§ Work instructions
Begin at the line containing "Stone Island Black" in the data below and go on through the line containing "icecarats 14k white", repeating each line exactly; include both ends and no other line.

Collected data entries:
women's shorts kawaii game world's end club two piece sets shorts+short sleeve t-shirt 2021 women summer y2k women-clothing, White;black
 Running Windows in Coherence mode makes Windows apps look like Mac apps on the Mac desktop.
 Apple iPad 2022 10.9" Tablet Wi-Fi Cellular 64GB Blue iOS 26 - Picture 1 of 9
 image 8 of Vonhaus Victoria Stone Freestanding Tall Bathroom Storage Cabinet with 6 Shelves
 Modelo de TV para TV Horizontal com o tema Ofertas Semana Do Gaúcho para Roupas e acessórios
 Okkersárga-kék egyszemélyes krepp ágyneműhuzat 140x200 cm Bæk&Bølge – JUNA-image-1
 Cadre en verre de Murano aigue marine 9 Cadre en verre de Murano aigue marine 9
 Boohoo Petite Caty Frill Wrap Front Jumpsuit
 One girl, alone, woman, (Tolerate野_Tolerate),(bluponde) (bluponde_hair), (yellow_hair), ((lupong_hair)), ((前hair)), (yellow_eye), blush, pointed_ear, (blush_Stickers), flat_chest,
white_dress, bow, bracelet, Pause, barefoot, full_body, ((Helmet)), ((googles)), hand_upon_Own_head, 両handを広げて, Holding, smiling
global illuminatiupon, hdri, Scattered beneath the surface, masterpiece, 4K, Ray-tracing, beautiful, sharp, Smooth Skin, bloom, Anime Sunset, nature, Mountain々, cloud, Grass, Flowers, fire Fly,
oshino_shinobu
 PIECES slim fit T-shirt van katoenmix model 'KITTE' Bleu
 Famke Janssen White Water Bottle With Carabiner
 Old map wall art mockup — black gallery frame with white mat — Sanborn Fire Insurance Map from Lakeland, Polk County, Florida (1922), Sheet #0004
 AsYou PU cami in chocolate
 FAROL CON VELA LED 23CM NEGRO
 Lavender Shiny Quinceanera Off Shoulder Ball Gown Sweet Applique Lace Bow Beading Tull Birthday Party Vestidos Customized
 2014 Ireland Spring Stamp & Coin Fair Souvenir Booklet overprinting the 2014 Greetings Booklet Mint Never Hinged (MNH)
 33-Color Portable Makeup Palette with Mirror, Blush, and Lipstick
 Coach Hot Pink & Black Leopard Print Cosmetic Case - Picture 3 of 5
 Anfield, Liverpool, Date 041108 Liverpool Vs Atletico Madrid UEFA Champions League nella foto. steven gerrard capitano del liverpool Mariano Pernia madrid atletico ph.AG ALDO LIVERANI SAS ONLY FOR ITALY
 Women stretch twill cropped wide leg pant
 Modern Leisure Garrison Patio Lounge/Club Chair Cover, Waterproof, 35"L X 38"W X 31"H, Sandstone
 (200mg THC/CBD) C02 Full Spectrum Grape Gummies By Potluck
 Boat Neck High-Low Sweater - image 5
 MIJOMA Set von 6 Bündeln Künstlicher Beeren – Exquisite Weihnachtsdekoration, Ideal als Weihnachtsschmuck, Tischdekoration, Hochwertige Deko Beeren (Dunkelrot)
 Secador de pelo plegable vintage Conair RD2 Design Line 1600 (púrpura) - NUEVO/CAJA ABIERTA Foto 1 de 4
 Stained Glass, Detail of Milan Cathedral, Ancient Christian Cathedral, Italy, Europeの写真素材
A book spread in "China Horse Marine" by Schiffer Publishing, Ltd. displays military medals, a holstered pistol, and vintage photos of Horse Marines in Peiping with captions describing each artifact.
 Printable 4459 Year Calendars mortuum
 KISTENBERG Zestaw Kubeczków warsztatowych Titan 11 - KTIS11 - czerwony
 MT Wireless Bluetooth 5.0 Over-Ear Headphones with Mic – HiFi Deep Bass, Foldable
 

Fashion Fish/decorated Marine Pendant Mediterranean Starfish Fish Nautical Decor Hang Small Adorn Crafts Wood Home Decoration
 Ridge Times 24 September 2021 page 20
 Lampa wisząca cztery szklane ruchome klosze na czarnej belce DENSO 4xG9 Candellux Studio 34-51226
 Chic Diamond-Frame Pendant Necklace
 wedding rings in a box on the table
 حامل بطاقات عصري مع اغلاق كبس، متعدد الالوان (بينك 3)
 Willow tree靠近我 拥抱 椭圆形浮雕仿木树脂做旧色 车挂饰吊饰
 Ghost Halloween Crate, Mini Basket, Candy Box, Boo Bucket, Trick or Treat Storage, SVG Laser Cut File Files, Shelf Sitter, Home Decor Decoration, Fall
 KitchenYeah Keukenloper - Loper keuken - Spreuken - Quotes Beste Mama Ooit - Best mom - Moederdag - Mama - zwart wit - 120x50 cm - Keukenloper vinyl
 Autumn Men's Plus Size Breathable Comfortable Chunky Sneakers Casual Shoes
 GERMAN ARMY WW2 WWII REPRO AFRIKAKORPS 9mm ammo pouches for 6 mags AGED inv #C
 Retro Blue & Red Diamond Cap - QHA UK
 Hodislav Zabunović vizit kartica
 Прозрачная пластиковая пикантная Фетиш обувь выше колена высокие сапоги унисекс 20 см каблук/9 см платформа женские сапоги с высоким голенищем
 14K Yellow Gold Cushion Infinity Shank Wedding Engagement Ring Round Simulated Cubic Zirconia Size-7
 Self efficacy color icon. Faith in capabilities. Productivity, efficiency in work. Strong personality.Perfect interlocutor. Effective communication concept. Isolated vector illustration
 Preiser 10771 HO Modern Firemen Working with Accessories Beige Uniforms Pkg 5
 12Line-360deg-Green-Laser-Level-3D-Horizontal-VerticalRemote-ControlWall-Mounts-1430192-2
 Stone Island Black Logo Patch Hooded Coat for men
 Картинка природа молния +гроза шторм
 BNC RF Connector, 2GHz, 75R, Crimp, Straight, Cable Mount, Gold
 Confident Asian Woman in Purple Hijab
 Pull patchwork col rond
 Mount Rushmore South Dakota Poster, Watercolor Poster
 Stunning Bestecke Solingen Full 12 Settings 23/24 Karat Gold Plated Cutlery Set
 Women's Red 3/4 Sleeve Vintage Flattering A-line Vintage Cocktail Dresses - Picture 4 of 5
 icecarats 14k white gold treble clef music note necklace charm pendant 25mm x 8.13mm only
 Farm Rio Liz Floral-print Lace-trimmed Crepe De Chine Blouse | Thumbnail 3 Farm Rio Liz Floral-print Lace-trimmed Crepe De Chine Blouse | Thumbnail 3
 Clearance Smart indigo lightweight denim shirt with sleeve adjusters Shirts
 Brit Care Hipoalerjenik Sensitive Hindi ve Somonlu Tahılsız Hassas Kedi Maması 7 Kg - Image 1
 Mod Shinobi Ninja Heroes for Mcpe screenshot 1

§ Answer space
 Stone Island Black Logo Patch Hooded Coat for men
 Картинка природа молния +гроза шторм
 BNC RF Connector, 2GHz, 75R, Crimp, Straight, Cable Mount, Gold
 Confident Asian Woman in Purple Hijab
 Pull patchwork col rond
 Mount Rushmore South Dakota Poster, Watercolor Poster
 Stunning Bestecke Solingen Full 12 Settings 23/24 Karat Gold Plated Cutlery Set
 Women's Red 3/4 Sleeve Vintage Flattering A-line Vintage Cocktail Dresses - Picture 4 of 5
 icecarats 14k white gold treble clef music note necklace charm pendant 25mm x 8.13mm only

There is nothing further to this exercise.